Optionally an additional onscreen colorbar, which is more similar to the colorbars used in other plotting libraries, can be enabled with add_scalar_quantity(..., onscreen_colorbar_enabled=True).

By default it is positioned automatically inline with the other UI elements, or it can be manually positioned with add_scalar_quantity(..., onscreen_colorbar_location=(400., 400.)).

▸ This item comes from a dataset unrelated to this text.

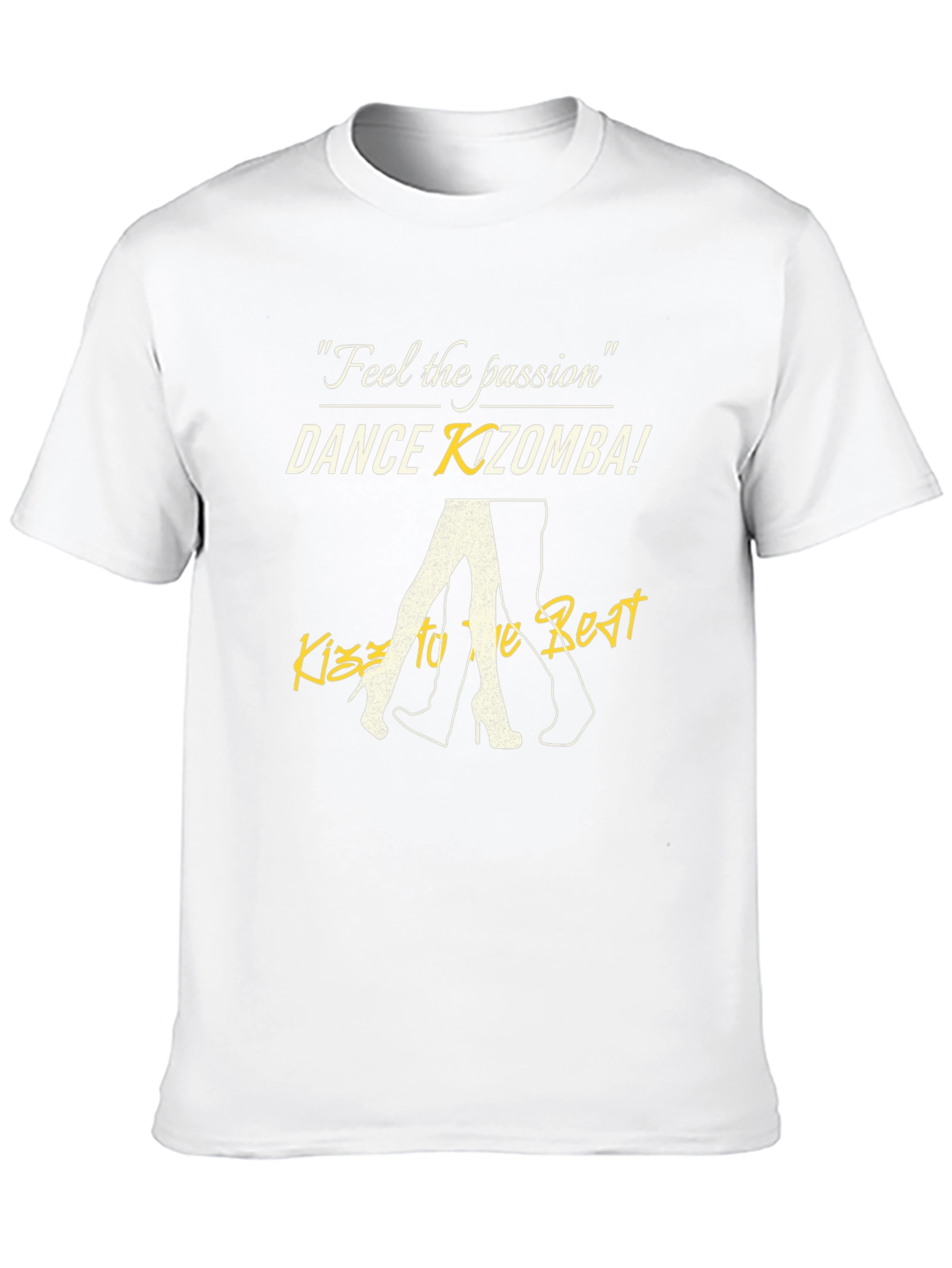 Dance Kizomba Passion T-Shirt - Stylish Graphic Tee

You can even export this color map to an .svg file for creating figures via the options menu.

Scalar Quantity Options

When adding a scalar quantity, the following keyword options can be set. These are available for all kinds of scalar quantities on all structures.

Keyword arguments:

  • enabled boolean, whether the quantity is initially enabled (note that generally only one quantitiy can be shown at a time; the most recent will be used)
  • datatype, one of "standard", "symmetric", "magnitude", or "categorical", affects default colormap and map range, and the categorical policies mentioned above
  • vminmax, a 2-tuple of floats, specifying the min and max range for colormap limits; the default is None, which computes the min and max of the data
  • colormap keywords:
    • cmap, which colormap to use
    • onscreen_colorbar_enabled set to True to enable an additional traditional colormap
    • onscreen_colorbar_location set to screen coordinates like (400., 400.) to position the onscreen colorbar manually (default is automatic)
  • isoline keywords (darker-shaded stripes showing isocontours of the scalar field):
    • isolines_enabled are isolines enabled (default: False)
    • isoline_style one of stripe, 'contour (default: stripe)
    • isoline_period how wide should the darkend stripes be, in data units (default: dynamically estimated)
    • isoline_period_relative if true, interpret the width value as relative to the world coordinate length scale (default: False)
    • isoline_darkness how much darker should the alternating stripes be (default: 0.7)
    • isoline_contour_thickness how thick should the contour lines be (default: 0.3)

If not specified, these optional parameters will assume a reasonable default value, or a persistent value if previously set.